Republicans have historically opposed unionizing, but many rank-and-file members bucked leadership and supported President Trump in the 2020 election.
Mr. Biden won 57% of union households nationwide, but Mr. Trump won 40%, the best showing for a Republican candidate among labor in decades.
In Pennsylvania, Mr. Trump won 53% of union households in 2020, while Mr. Biden won 46%. Mr. Trump won 57% of union households in Ohio, compared with 43% for Mr. Biden.
Since taking office, there have been some rifts between Mr. Biden and organized labor officials, even as the president takes pains not to cross them.
A coalition of labor unions last week filed an official comment with the Office of the U.S. Trade Representative urging Mr. Biden to keep in place all of Mr. Trump’s tariffs on roughly $300 billion worth of Chinese goods.
The Biden administration is weighing waiving some of the tariffs to help ease inflation, which is at a 40-year high. It is one of the few mechanisms the administration has to help reduce inflation, even if the impact is marginal.

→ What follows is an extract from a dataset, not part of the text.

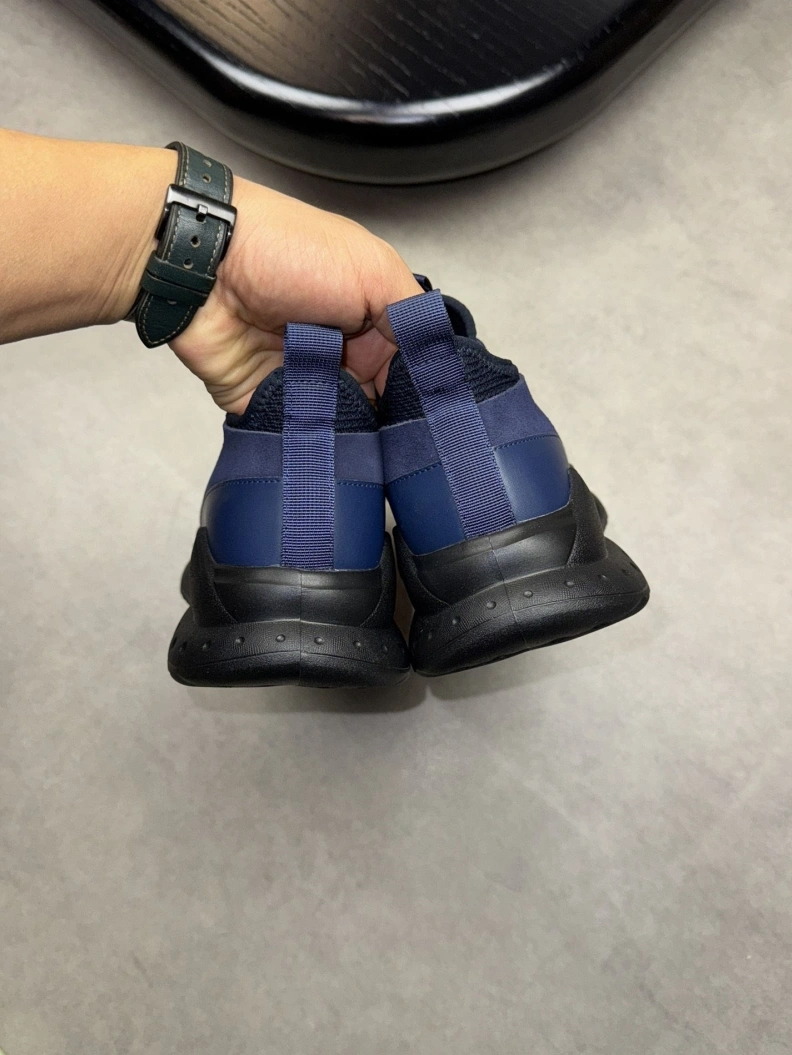 Stylish Mxnclxr Sneakers 197326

Labor unions say the tariffs are necessary to “act in the national interest to strengthen our economy for the future.”
Mr. Biden on Tuesday sought to contrast his economic plan with proposals offered by Republicans, arguing his ideas will change the dynamic of middle-class families.
“We’ve laid out concrete plans for families to save money not only on prescription drugs and utility bills, but on rent and mortgage costs,” he said. “Republicans have it all backwards. Their plan literally calls for increasing taxes on middle-class and working people and cutting taxes on corporations and wealthy Americans.”